Short web captions:
◆ ◆ ◆
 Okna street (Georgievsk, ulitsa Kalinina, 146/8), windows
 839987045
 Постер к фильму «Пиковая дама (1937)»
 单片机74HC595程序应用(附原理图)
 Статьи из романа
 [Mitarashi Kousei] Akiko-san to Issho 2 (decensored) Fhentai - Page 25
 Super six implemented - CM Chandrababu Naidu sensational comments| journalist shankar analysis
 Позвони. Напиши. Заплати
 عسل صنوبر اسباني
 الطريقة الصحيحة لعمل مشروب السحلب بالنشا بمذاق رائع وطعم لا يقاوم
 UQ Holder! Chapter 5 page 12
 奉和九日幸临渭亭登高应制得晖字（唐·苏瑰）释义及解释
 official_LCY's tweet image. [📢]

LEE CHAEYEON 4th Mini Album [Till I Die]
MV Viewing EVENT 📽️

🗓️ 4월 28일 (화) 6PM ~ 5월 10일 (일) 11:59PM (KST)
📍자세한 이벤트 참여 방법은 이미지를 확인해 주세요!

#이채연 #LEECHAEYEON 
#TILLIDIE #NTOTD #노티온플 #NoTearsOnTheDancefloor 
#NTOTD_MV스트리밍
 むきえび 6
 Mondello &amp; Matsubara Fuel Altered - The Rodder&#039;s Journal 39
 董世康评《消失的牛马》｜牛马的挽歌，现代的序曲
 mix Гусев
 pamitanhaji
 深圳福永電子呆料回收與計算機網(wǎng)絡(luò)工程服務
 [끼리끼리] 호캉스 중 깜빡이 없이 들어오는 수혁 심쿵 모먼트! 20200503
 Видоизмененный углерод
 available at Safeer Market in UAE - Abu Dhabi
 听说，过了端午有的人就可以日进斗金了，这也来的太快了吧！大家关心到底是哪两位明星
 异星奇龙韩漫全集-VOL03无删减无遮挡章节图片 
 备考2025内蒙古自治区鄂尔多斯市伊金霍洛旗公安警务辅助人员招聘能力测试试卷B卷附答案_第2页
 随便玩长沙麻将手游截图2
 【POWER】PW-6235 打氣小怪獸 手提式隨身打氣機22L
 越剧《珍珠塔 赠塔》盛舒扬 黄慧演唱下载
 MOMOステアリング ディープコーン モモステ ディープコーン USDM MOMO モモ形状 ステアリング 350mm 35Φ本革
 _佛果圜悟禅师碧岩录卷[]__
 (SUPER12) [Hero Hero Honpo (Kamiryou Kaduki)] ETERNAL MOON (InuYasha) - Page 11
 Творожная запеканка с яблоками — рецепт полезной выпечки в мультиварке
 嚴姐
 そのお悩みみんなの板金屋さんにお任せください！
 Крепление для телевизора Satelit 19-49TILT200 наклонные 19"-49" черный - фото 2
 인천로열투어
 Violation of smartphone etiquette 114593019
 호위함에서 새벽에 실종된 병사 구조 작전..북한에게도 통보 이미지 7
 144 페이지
◆ ◆ ◆
Problem description
From the line that contains "深圳福永電子呆料回收與計算機網(wǎng)絡(luò)工程服務" down to the last line above, print each line exactly as it appears.

Response
 深圳福永電子呆料回收與計算機網(wǎng)絡(luò)工程服務
 [끼리끼리] 호캉스 중 깜빡이 없이 들어오는 수혁 심쿵 모먼트! 20200503
 Видоизмененный углерод
 available at Safeer Market in UAE - Abu Dhabi
 听说，过了端午有的人就可以日进斗金了，这也来的太快了吧！大家关心到底是哪两位明星
 异星奇龙韩漫全集-VOL03无删减无遮挡章节图片 
 备考2025内蒙古自治区鄂尔多斯市伊金霍洛旗公安警务辅助人员招聘能力测试试卷B卷附答案_第2页
 随便玩长沙麻将手游截图2
 【POWER】PW-6235 打氣小怪獸 手提式隨身打氣機22L
 越剧《珍珠塔 赠塔》盛舒扬 黄慧演唱下载
 MOMOステアリング ディープコーン モモステ ディープコーン USDM MOMO モモ形状 ステアリング 350mm 35Φ本革
 _佛果圜悟禅师碧岩录卷[]__
 (SUPER12) [Hero Hero Honpo (Kamiryou Kaduki)] ETERNAL MOON (InuYasha) - Page 11
 Творожная запеканка с яблоками — рецепт полезной выпечки в мультиварке
 嚴姐
 そのお悩みみんなの板金屋さんにお任せください！
 Крепление для телевизора Satelit 19-49TILT200 наклонные 19"-49" черный - фото 2
 인천로열투어
 Violation of smartphone etiquette 114593019
 호위함에서 새벽에 실종된 병사 구조 작전..북한에게도 통보 이미지 7
 144 페이지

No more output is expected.